Researchers have found that despite the hype, generative AI models struggle with complex questions on an undergraduate law exam, suggesting they are not yet ready to replace human capabilities in intellectually demanding tasks. The findings have important implications for the future of education and professional standards. Artificial intelligence should be viewed as a tool to enhance human abilities, rather than a replacement for human expertise.

Generative AI in Academia
So the basic premise of the study that was carried out by a researcher at the University of Wollongong, was to examine whether generative AI models are any closer to possessing human-level academic abilities than they were last year by seeing how well (or not) some were performing on an undergraduate criminal law final exam. There were two parts to the exam — one in which students had to assess a case study about criminal offences and the prospects of successful prosecution, and another with an essay and short answer questions.
Using different AI models, the researcher generated 10 different responses to the exam questions (five from pasting the exam questions into an AI tool without any prompts and five with detailed prompts and related legal content). AI-created answers were then interspersed with the genuine exam responses of students, and all questions were graded anonymously by a group of five different tutors who did not know that a portion of the answers had been created by AI.
Discussing AI and complex legal reasoning
Although the AI excelled in answering the essay-style question, it was rated much lower when it came to those more complex questions requiring sophisticated legal analysis. On average, these answers generated by the AI without any prompting only outperformed 4.3% of students: Two scores were just good enough and three actually failed.Commit myself to this kind of writing work if I want to be a philosopher.interfaces:none; With help from fillers and legal material, the AI-generated answers won over an average of 39.9 percent of students at best (three papers reach a mediocre score, while only two do quite well).

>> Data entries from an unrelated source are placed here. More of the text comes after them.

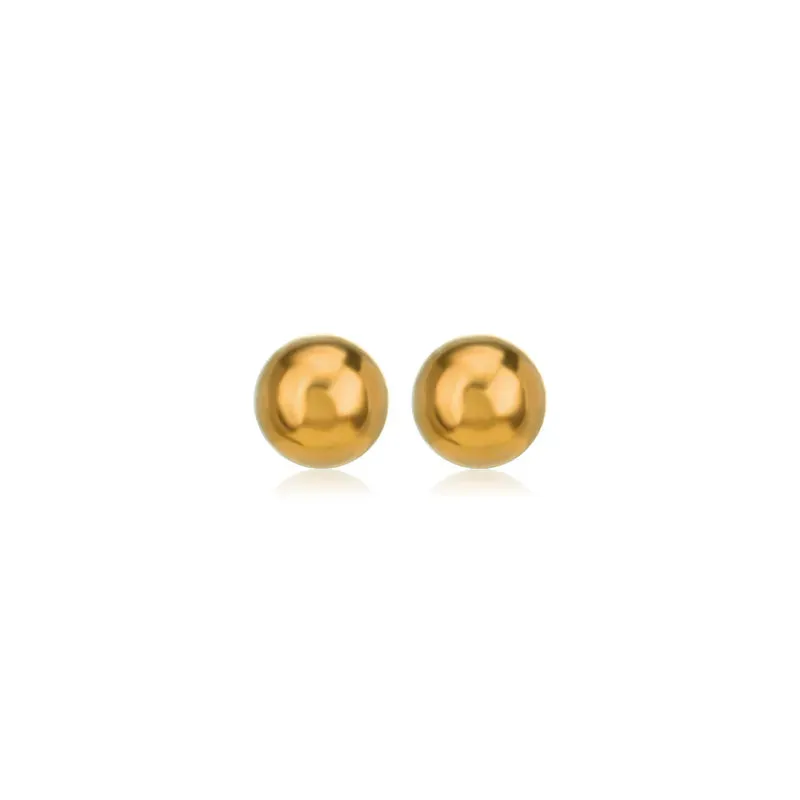Golden Ball Studs Set (4 pairs)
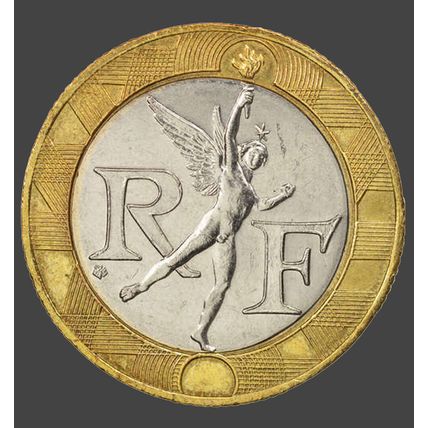 France - 5th Republic 1959 to 2001 Pre-Euro- 10 Francs Genie - Select the Date
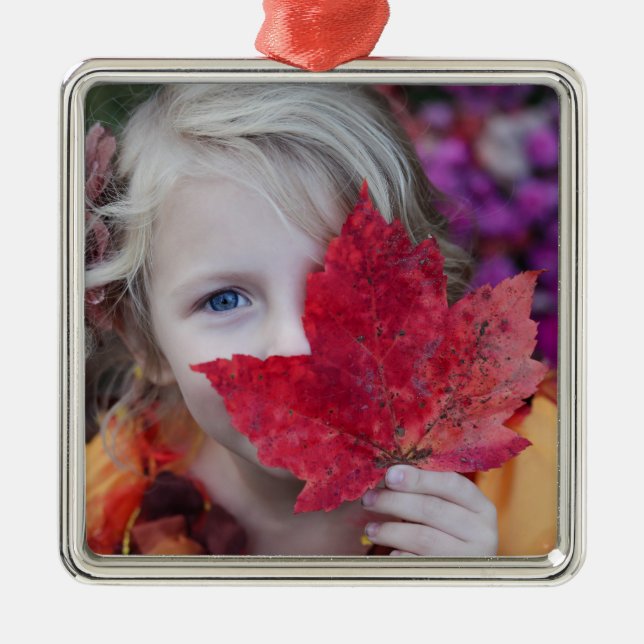 Custom Metal Photo Ornament (Front)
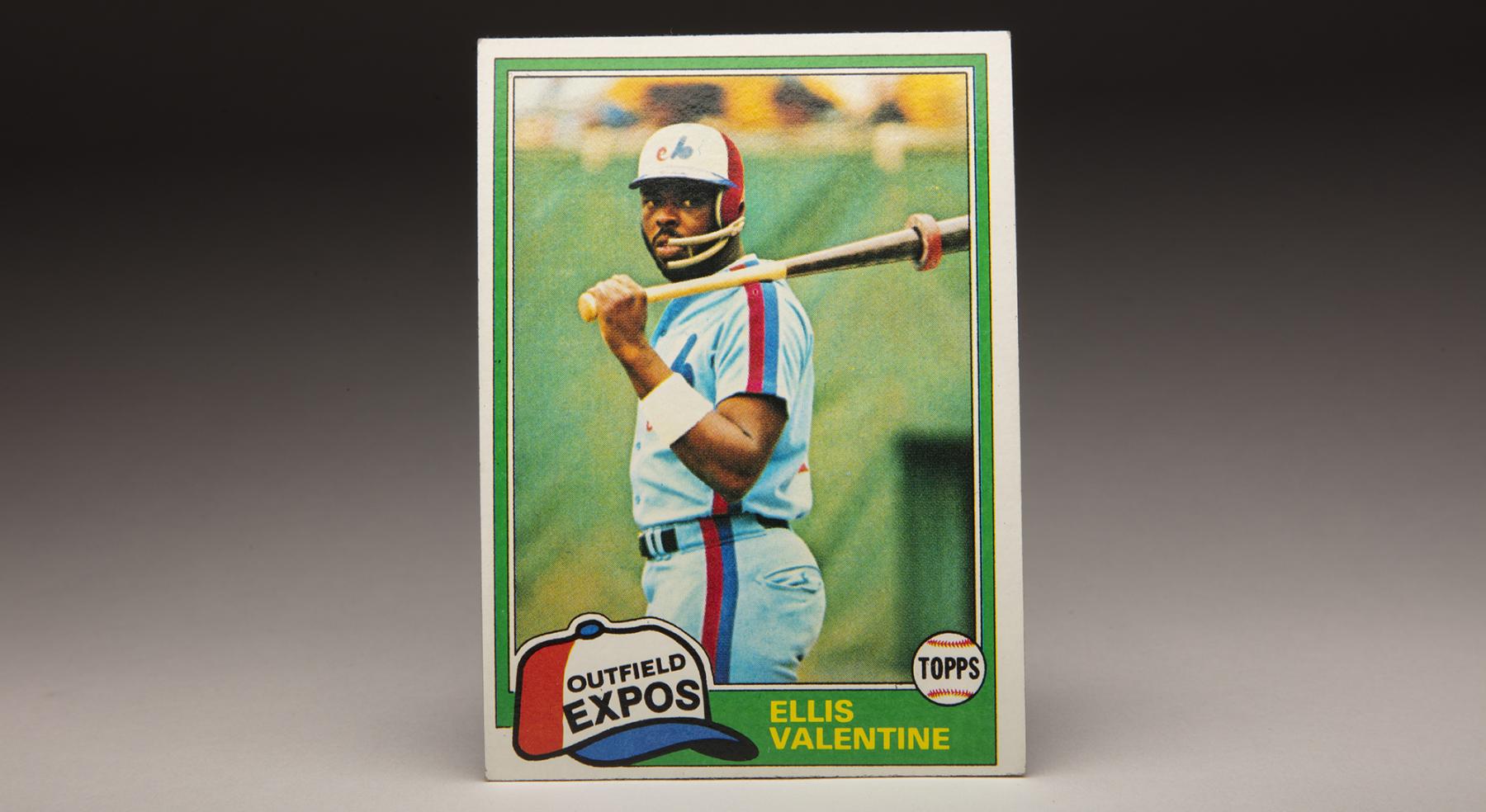 CardCorner: 1981 Topps Ellis Valentine | Baseball Hall of Fame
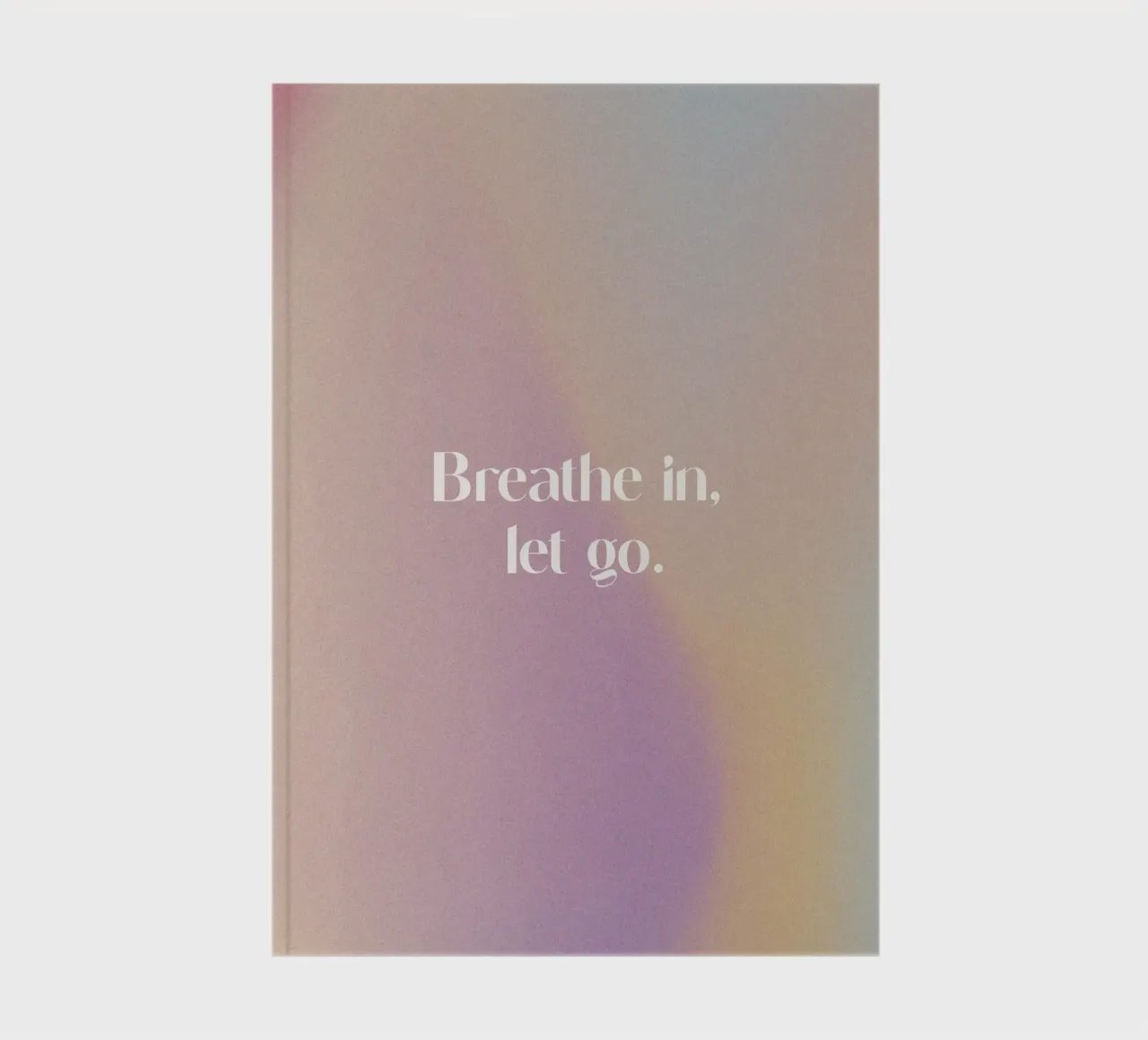 Breathe In Let Go notebook by treechild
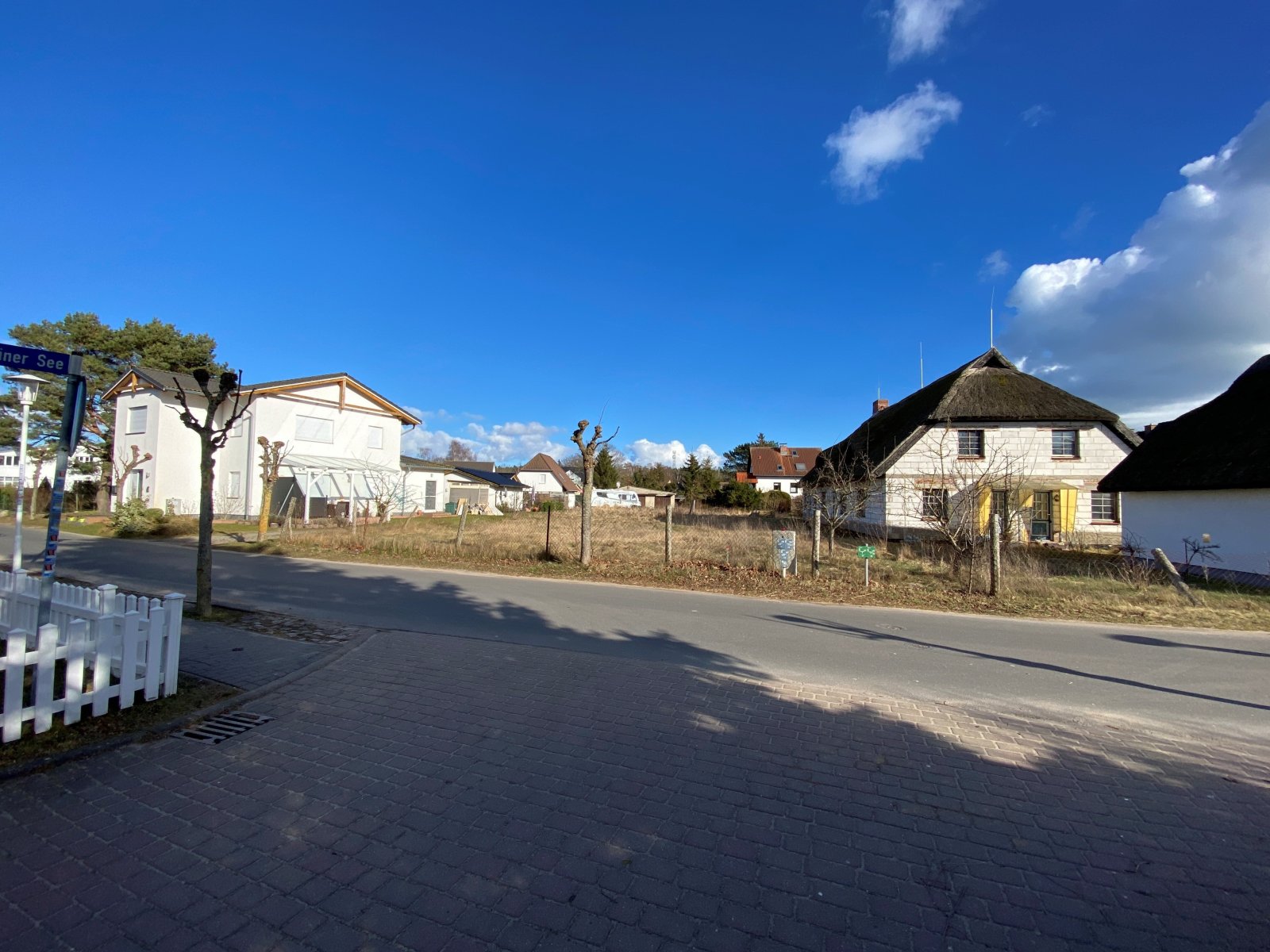 Blick von der Dorfstraße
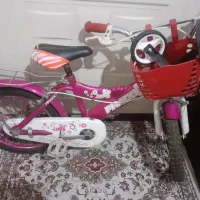 دوچرخه سایز۱۶ دخترانه در حدنو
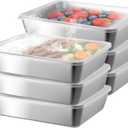 Stainless Steel Lunch Box 6-Pack with Free Seal, Leakproof, Lid Food Container, Reusable Food Storage Container for Travel and Work, Dishwasher Safe, Freezer Safe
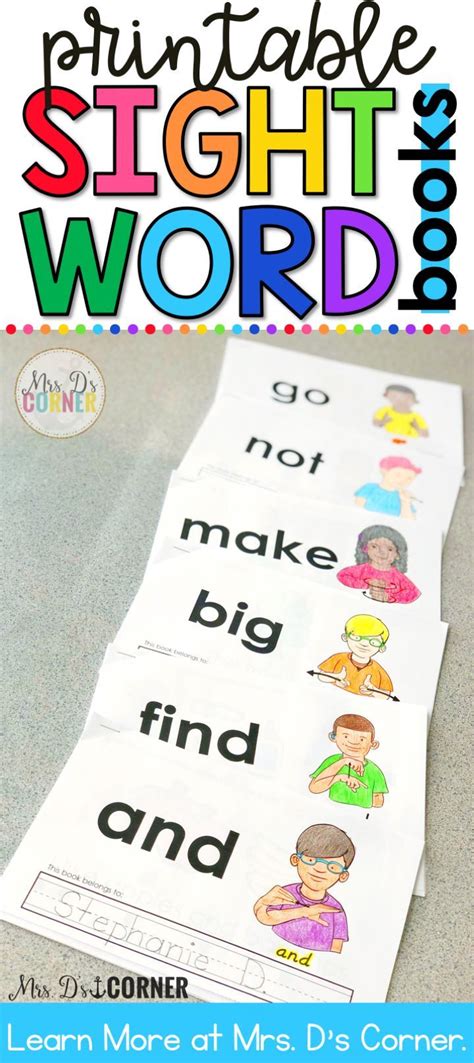 Printable Sight Word Booklets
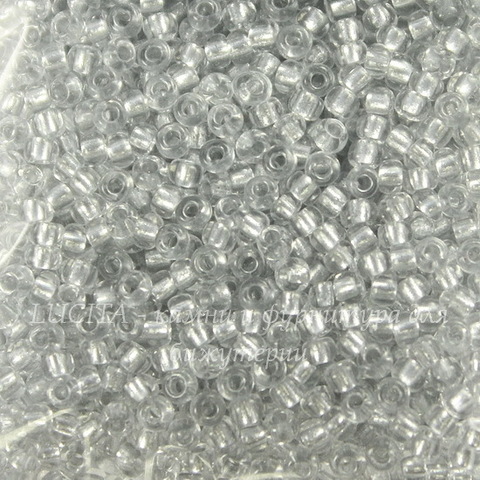 68108 Бисер 10/0 Preciosa прозрачный с серебряным алюминиевым центром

The authors argue that while future is palpable and it looks promising, things should not go overboard as in case of this law exam humans are still safe! A separate study by the same author explains that while AI can replicate the writing style of a human, it does not replicate nuanced SJT reasoning.
Consequences for education and joint work
The findings have profound implications for the future of education and professional performance. They argue AI should be thought of less as a being and more as a tool that can augment human capabilities when properly used. Schools and universities should stop assuming that AI can provide answers, but they might use it instead to give every student effective collaboration skills with the technology proven to improve what kids actually know.
Secondly, the conventional understandings of teaching and test will also have to be reviewed so that AI is able to collaborate with students. For instance, if you postulate that a student who prompts AI created work and goes through the process of verification and editing with an honor code agreement does not become part of the learning ecosystem, you need to re-evaluate what IS integral in education.